• Exercise: Down to the last line below, write out every line exactly, starting with the one that contains "بطانة الرحم المهاجرة: أعراضها" and leaving out the pictures.

• Source data:
-.-.-
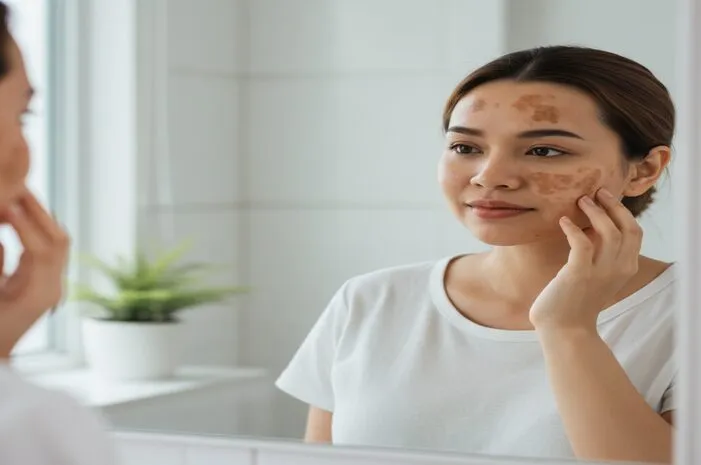 Cloasma Gravidarum: Kenali Penyebab dan Cara Mengatasi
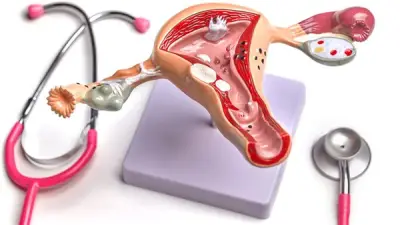 بطانة الرحم المهاجرة: أعراضها وأسبابها وطرق العلاج المتاحة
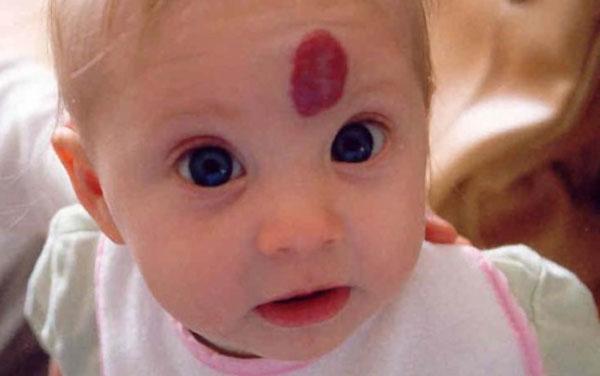 什么是血管瘤?宝宝有血管瘤该怎么治疗呢?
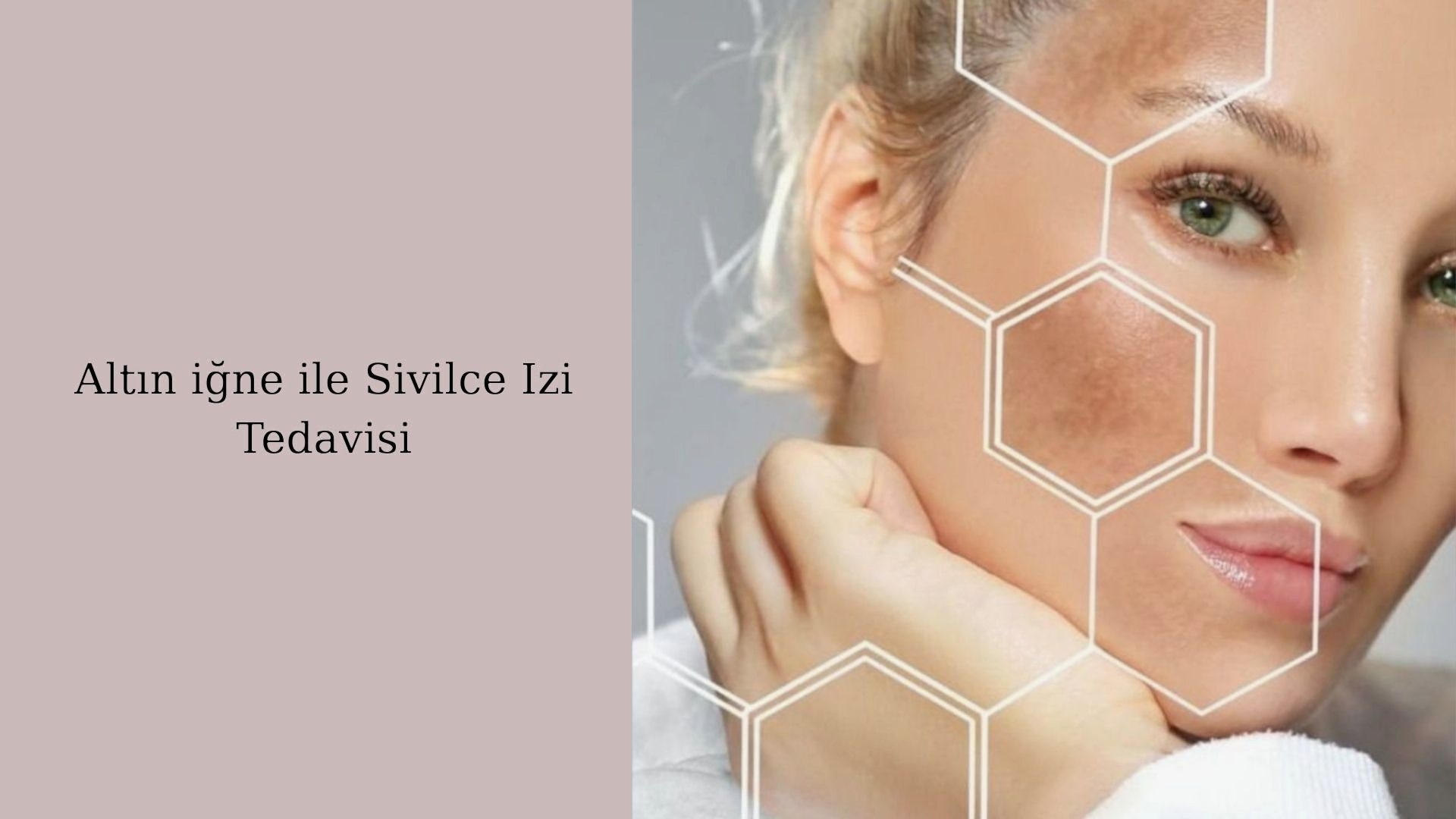 sivilce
-.-.-
• Exercise answer:
 بطانة الرحم المهاجرة: أعراضها وأسبابها وطرق العلاج المتاحة
 什么是血管瘤?宝宝有血管瘤该怎么治疗呢?
 sivilce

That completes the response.